Two challenges impede our understanding of the perceptual consequences of CND. First, while many non-invasive markers of CND have been proposed and validated in animal models (7, 14, 19, 20), non-invasive estimates of putative CND in humans cannot be confirmed with histological assessment of synapses in the same participants. Cross-species comparative studies and computational modeling provide promising avenues for overcoming this gap (21, 22). Secondly, behavioral readouts of perceptual difficulties in humans show mixed results, with putative CND depending on the specific test used and degree of spectrotemporal and contextual information provided in that test (17, 23, 24). The most promising tests for CND are ones with no linguistic context and short spectrotemporal processing windows (13, 24). However, these behavioral readouts may minimize subliminal changes in perception that are reflected in listening effort but not in accuracies (2527). Specifically, two individuals may show similar accuracies on a listening task, but one individual may need to exert substantially more listening effort to achieve the same accuracy as the other. Here, we used a cross-species approach, combined with simultaneous measurements of behavior and listening effort, to show that CND was associated with decreased neural coding fidelity and increased listening effort in middle-aged adults with normal audiometric thresholds. We measured putative CND using the envelope following response (EFR) to rapid (∼1000Hz) modulation frequencies – a suggested marker for CND (12, 14). Cross-species comparisons with identical recordings in a low-frequency hearing animal model, the Mongolian gerbil, confirmed that decreases in EFRs were selective only for responses with generators in the auditory nerve. These EFRs were also associated with histologically-confirmed CND in gerbils. In the human model, we simultaneously measured pupil-indexed listening effort in participants as they performed a speech-in-noise task and showed that increased listening effort was present despite matched behavioral accuracies.

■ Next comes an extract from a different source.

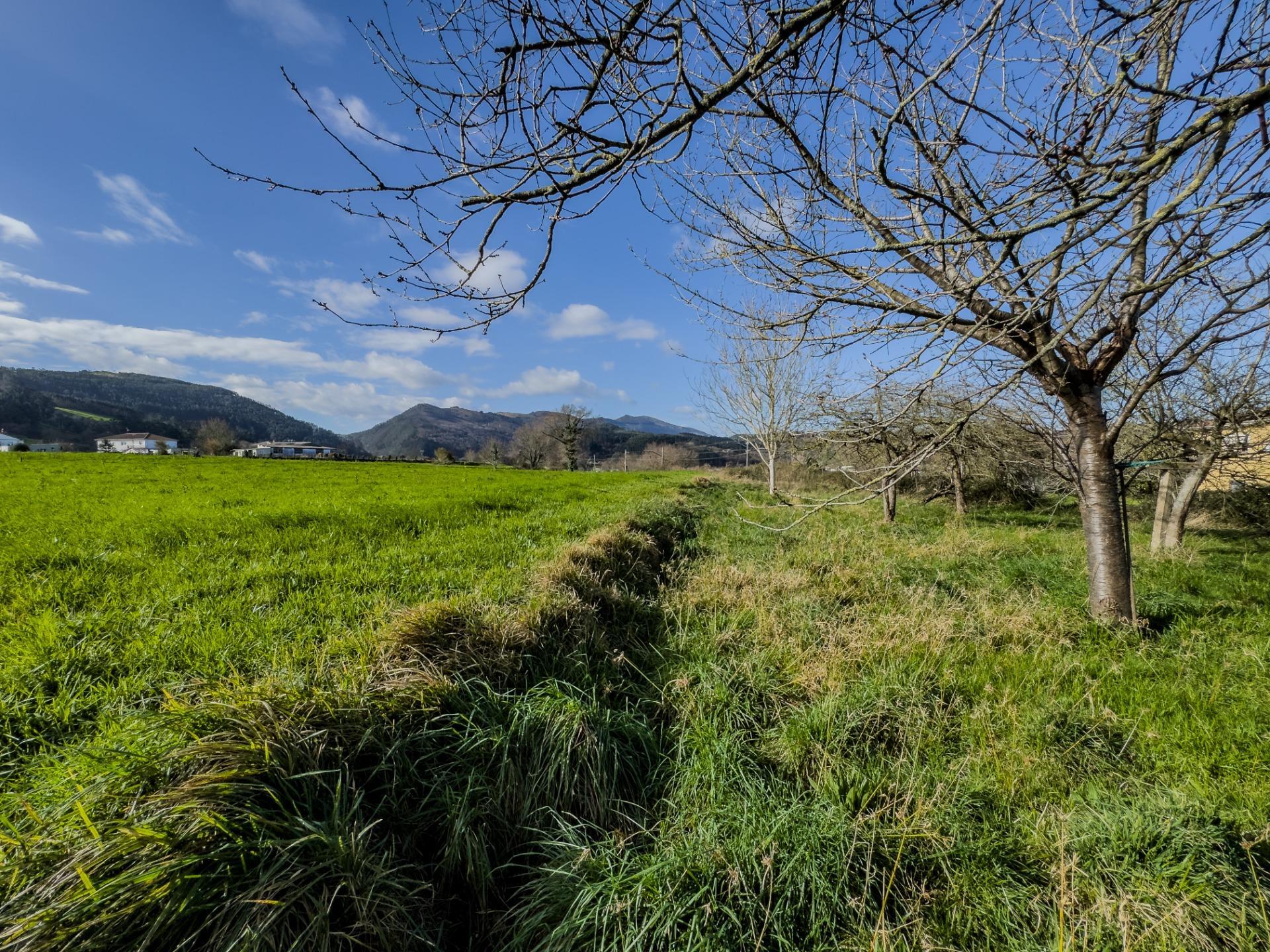 Casas o chalets-Venta-Santander-2173677-Foto-42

These results point to hitherto underexplored aspects of auditory perceptual difficulties associated with listening effort and CND.

Results

“Normal” hearing middle-aged adults show evidence of peripheral neural coding deficits that are associated with CND

Middle-aged (40-55 years) and young adult (18-25 years) listeners were recruited to participate in this study (Fig. 1A). All participants had clinically normal hearing thresholds and spoke fluent American English. Participants had normal otoscopy by visual examination and air conduction thresholds ≤ 25dB HL for octave frequencies between 250Hz to 8 kHz (Fig. 1B, Table 1), consistent with WHO guidelines for normal hearing (28). Threshold differences were exaggerated in MAs at extended high frequencies (>8kHz), which are seldom clinically measured but may be a marker for accumulated lifetime noise damage ((17, 2931), Fig. 1B, Table 2). Outer hair cell function, assessed using distortion product otoacoustic emissions (DPOAEs), were comparable between young adult and middle-aged listeners up to 4 kHz, the frequency regions that contains most of the spectral information in speech (Fig. 1C, Table 3). Participants also had no severe symptoms of tinnitus (Fig. 1D) assessed using the Tinnitus Handicap Inventory (THI; (32)) and Loudness Discomfort Levels (LDLs; (32)) above 80 dB SPL for frequencies up to 3 kHz (Fig. 1E, Table 4). Self-reported noise exposure using the Noise Exposure Questionnaire (NEQ; (34)) was not significantly different between age groups (Fig. 1F, Table 4). Participants also had normal cognitive function indexed by the Montreal Cognitive Assessment (MoCA ≥ 25; (35)) and comparable working memory scores assessed using the operation span task (OSPAN) ((36), Fig. 1G, Table 4). Hence, the middle-aged adults recruited for this study were all “normal” by currently administered behavioral and audiological assessments in the hearing clinic, while exhibiting some sub-clinical outer hair cell dysfunction, especially at frequencies above 4kHz.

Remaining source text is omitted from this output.